— TASK DIRECTIONS —
Look through the records below for the line with "A-line Off the" and the line with "Зеркало со шкафом", then return those lines and all lines between, exactly.

— LISTED ENTRIES —
● ● ● ● ● ● ●
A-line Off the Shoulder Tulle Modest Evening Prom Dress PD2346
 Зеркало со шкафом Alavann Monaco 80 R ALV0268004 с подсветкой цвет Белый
● ● ● ● ● ● ●
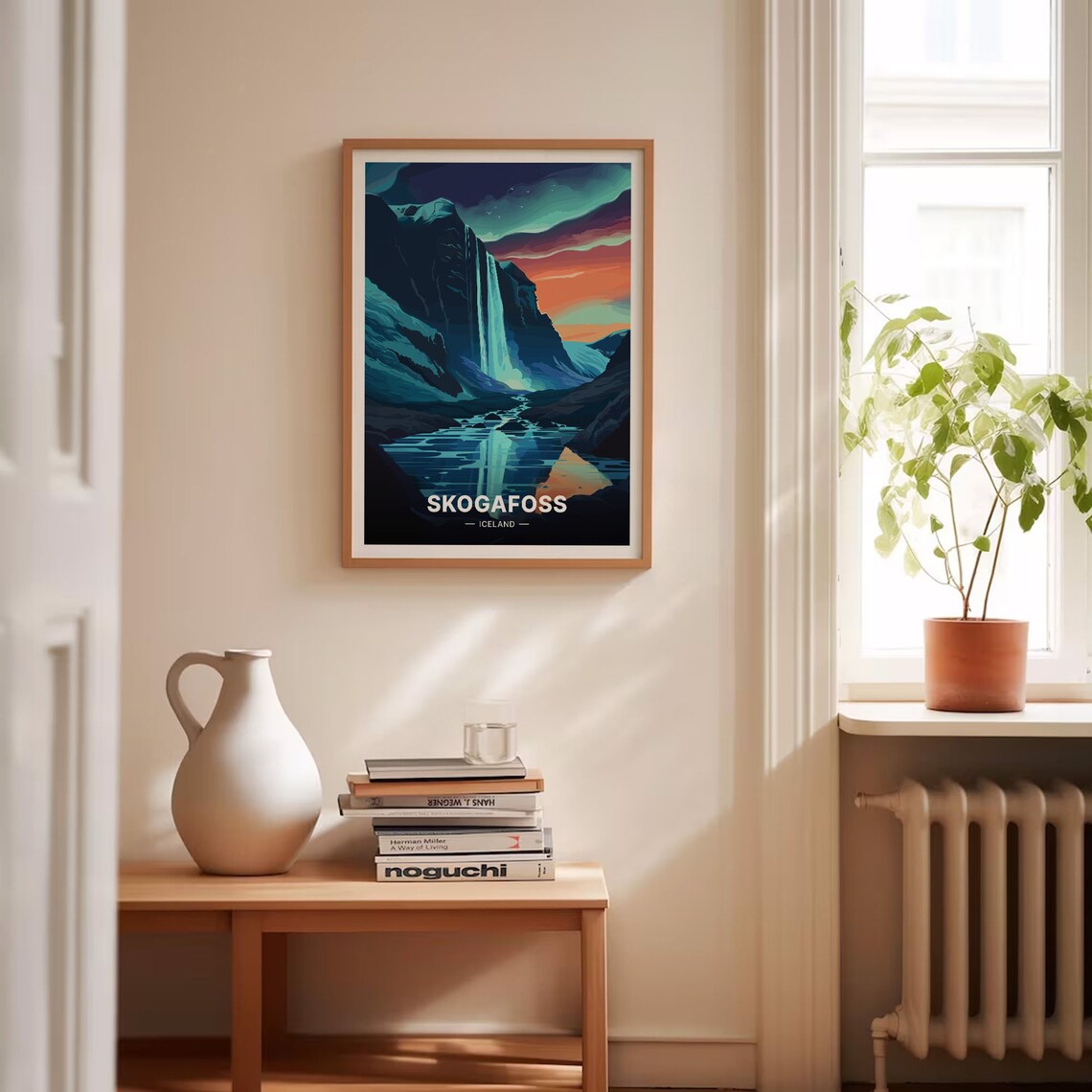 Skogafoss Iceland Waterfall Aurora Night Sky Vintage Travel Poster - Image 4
● ● ● ● ● ● ●
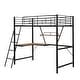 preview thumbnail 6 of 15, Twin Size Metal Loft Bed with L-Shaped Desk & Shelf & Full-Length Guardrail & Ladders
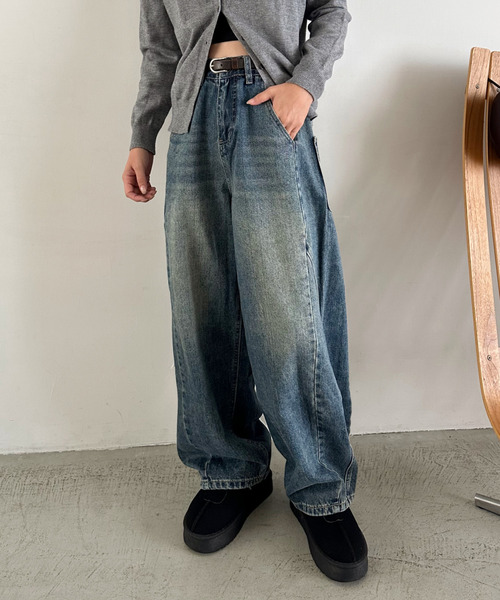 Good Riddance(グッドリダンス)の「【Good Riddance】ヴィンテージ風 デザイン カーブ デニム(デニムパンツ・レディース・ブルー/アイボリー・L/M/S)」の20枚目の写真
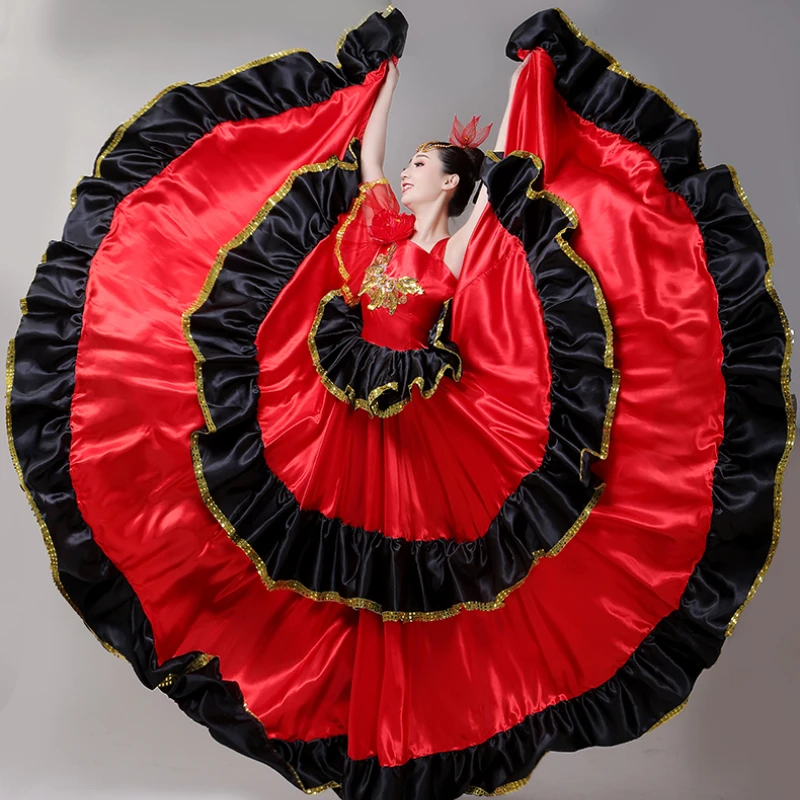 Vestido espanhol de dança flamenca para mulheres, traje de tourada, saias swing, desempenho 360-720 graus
● ● ● ● ● ● ●
— OUTPUT —
A-line Off the Shoulder Tulle Modest Evening Prom Dress PD2346
 Зеркало со шкафом Alavann Monaco 80 R ALV0268004 с подсветкой цвет Белый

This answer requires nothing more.